Have we misunderstood DVCS and git / hg ?

Yesterday github was at least partially inaccessible due to a DDOS attack.

And there were some interesting tweets appearing. I just show a few that appeared at the top of my twitter search results. But there were many many more.

Perhaps the most hard hitting of them all

There is clearly a mismatch between perceived expectation of DVCS workflows and our actual experiences. I did start wondering, was it our expectations that were inflated, or were we (as a community) not using git correctly.

Frankly all the work a developer does by himself/herself is not affected. One can continue to commit, branch, merge etc. at will. What is impacted is the collaboration with other developers. So the "D" in the "DVCS" has at least partially lived up to its promise. Since each developer can still do a lot of work even as he/she is distributed.

The event allows us to reflect on whether we could use git a bit differently, and perhaps suggest some opportunities for improvement. However, I think the major issue is perhaps our expectation of the D in DVCS is inflated. Some of the reasons are related to the state of technology. Some others are inherent in the workflow. Here's why

  • A truly distributed (federated) workflow may not require github at all. However it will require all repositories to be able to communicate with each other in a peer to peer fashion. That would mean it would require us to open up our development workstations to be accessible to other development workstations either directly or via some protocol like bittorrent. Is it really practical in the age of don't expose your development machine, private IP addresses, proxy servers, firewalls etc.? I suspect not. We are not yet ready for a peer to peer communication over the internet between our development nodes. To the extent that developer nodes can communicate with each other, some amount of collaboration remains feasible even if the central github/origin repo goes down.
  • Assuming these nodes can communicate with each other, we don't ship different versions of software from different development nodes. We typically have a reference version that is ready to test, ship etc. We need to be able to point to a branch or a tag and say thats the current state of my software under development. Granted that in this model, the reference node may not be able to reflect the current state of software development in realtime. In the sense, some changes and commits on the development nodes still haven't made it to the reference node (often called the origin). But the organisation as a whole treats the development nodes as work in progress and the origin as the current state of (partially) completed work. If we work in a fully federated model where will we have the reference version? If we annoint one dev node as the reference node - then that node is in effect the equivalent of github, and should that node be inaccessible, many collaborative activities will stop. And if we do not annoint one particular node as the first amongst equals, there are things we need to figure out from an overall business perspective, how to make sense out of a bunch of disparate nodes, and compute the current state of software as a function of all the collective development nodes.
  • While I cannot readily imagine a good solution to the issue I just described, let us imagine, we did find a good solution. We would have an issue of different views of history. Different developers would see history differently. They would see the software being developed with a differently ordered commits. Plus given n-to-n communication, the complexity of doing rebases and merges would shoot up drastically. Are we sure we have understood what kind of complexity it would require us to deal with even if the technology to do so was feasible? I suspect not.
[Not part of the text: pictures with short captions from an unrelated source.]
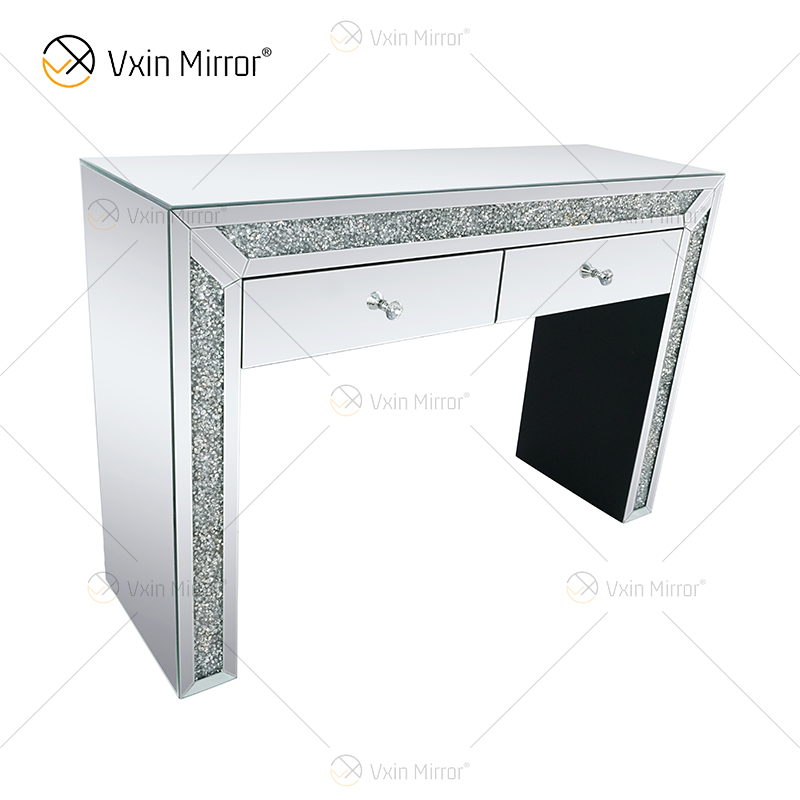 Baú de canto espelhado com 2 gavetas para decoração de casa WXF-720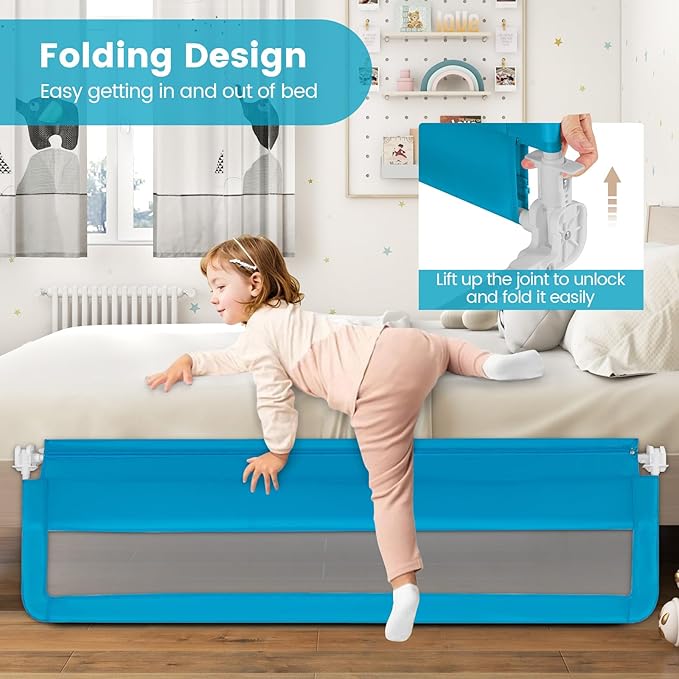 HONEY JOY Bed Rail for Toddlers, 71-in Extra Long, Portable Safety Bed Guardrail w/Double Safety Child Lock, Foldable Baby Bed Rail Guard, Fit King & Queen Full Twin Size Bed Mattress(Blue, Pack 2)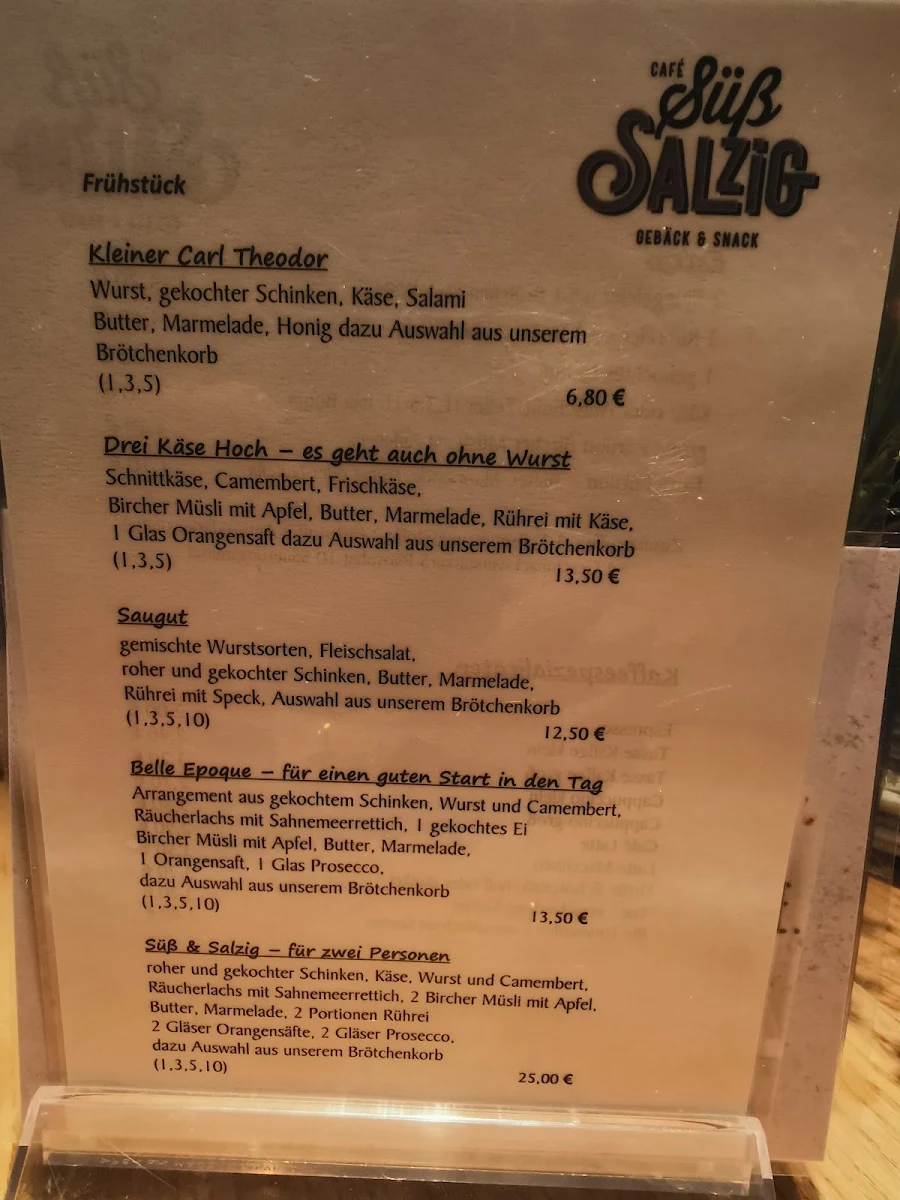 Speisekarte, Bäckerei Utz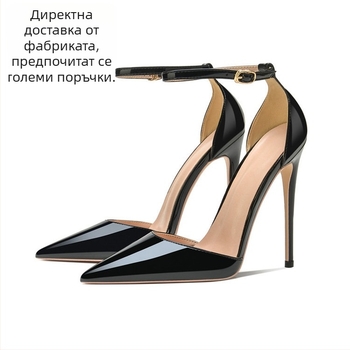 Сандали с каишки, остър нос, 12 см висок ток, тънък ток, горна част микрофибър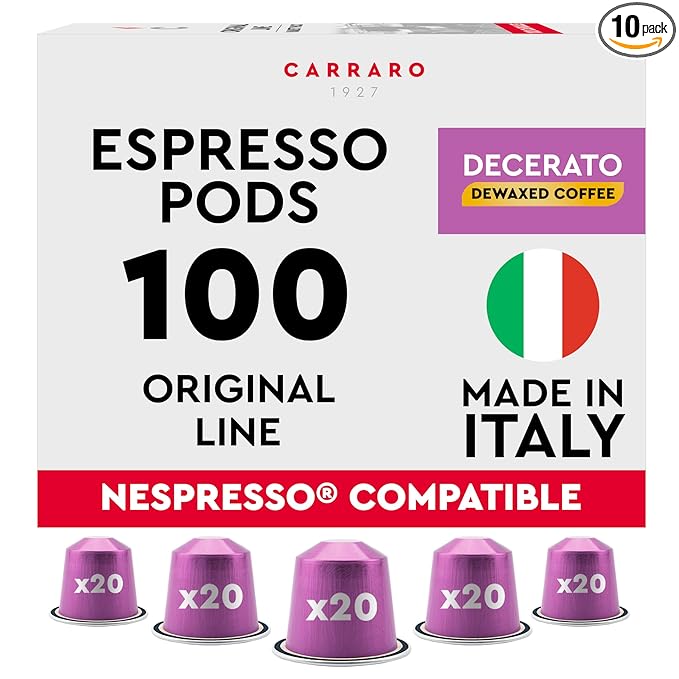 CARRARO 1927 Decerato - 100 Aluminum Espresso Pods Compatible with Nespresso Original line - Dewaxed, Wellness, Low Acidity, More Digestible, Intense Aroma, Medium Roast Espresso Capsules Made in Italy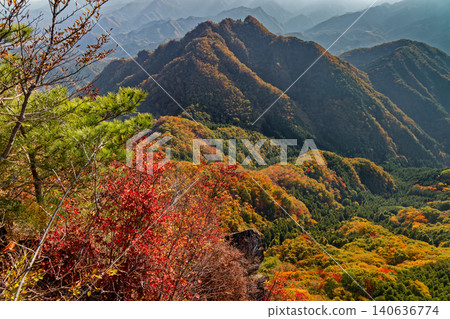 Autumn foliage in western Joshu - Yotsumatayama as seen from Shikadake Ichinodake Autumn foliage in western Joshu - Yotsumatayama as seen from Shikadake Ichinodake 140636774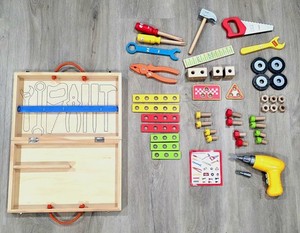Tool Kit for Kids 45-Piece Wooden Toddler Tools Box Set Includes Battery Drill
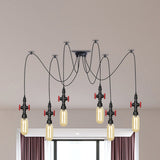 Vintage Amber Glass Multi Pendant Light - 2/3/6-Light Coffee Shop Led Swag Suspension Lamp In Black
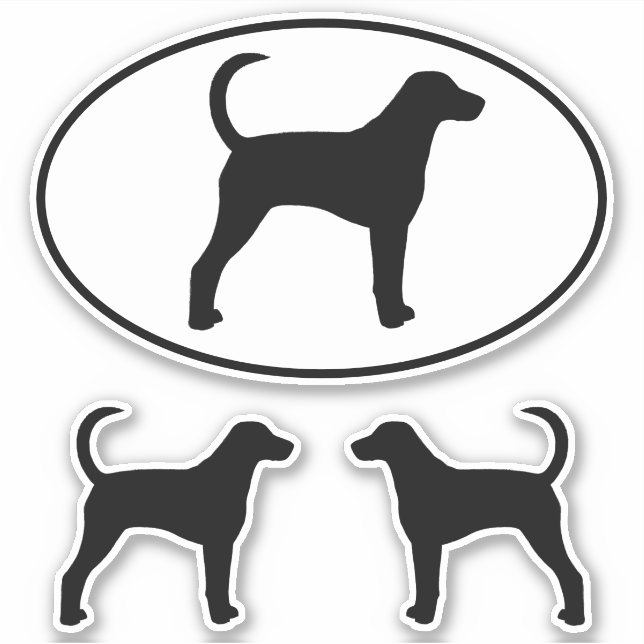 American Foxhound Dog Silhouette Vinyl Stickers (Front)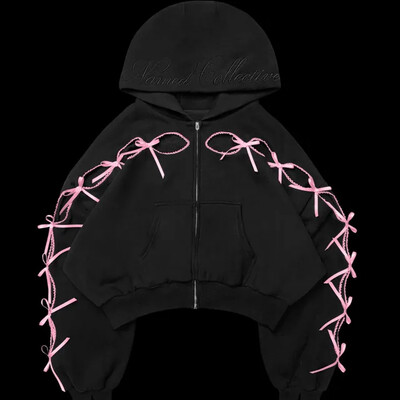 Hollow Bowknots Y2k Hanorace scurte de pluș Panglică Streetwear Pantaloni lați cu litere imprimate Jachete Harajuku Îmbrăcăminte casual pentru femei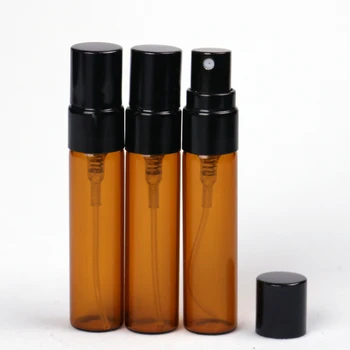 100Pieces/Lot 5ML Portabil de Sticlă Maro Sticle de Parfum Pulverizator Portabil Contenitori cosmetice flacon pentru Ulei Esential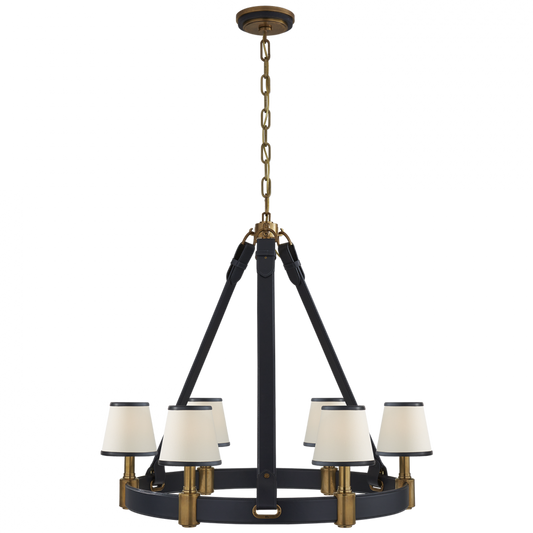 Riley Medium Ring Chandelier - Natural Brass and Navy Leather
An analogous situation would be where sales staff synced up their notebooks with a central database in the morning, and went off to do their tasks independently during the day in remote areas without any connectivity, came back in the evening and synced up their notebooks once again with the central database. This is a similar scenario to how we use git. Clearly, issues such as resolving conflicts would remain, yet the offline model allows the sales staff to do "most" of their work except for the coordination that might be required but not feasible due to lack of connectivity.

Is there a way to use git better than how we've been using it so far? Perhaps yes. Perhaps we could have multiple central databases (using the analogy above) in a master slave model or multi master model. Now I dont think we have the ready technology with DVCS to use the multi master model where different masters can readily synchronise with each other without any manual intervention (I could be wrong, but I make that assumption). In which case a master slave model would work better. So perhaps we could have a master/slave arrangement between multiple "origins". And the master would near instantaneously push changes out to the slaves. These would be hosted by different git providers. And if the master was to be not accessible, we could always promote another slave to become the master, and have the original master re-join the cluster as a slave when it is back online. This might require a bit of tooling but does not seem like a very difficult task.

Perhaps, I haven't fully imagined how people would be doing it "right" when they design their workflows in a manner a github downtime does not impact them at all. And would be keen to learn or get answers. But at least for the moment, I think we need to temper our expectations. Based on the real constraints. It does not mean distributed VCS has failed, but instead has lived up to promises that it reasonably could. And the rest was just us letting our expectations go a little further.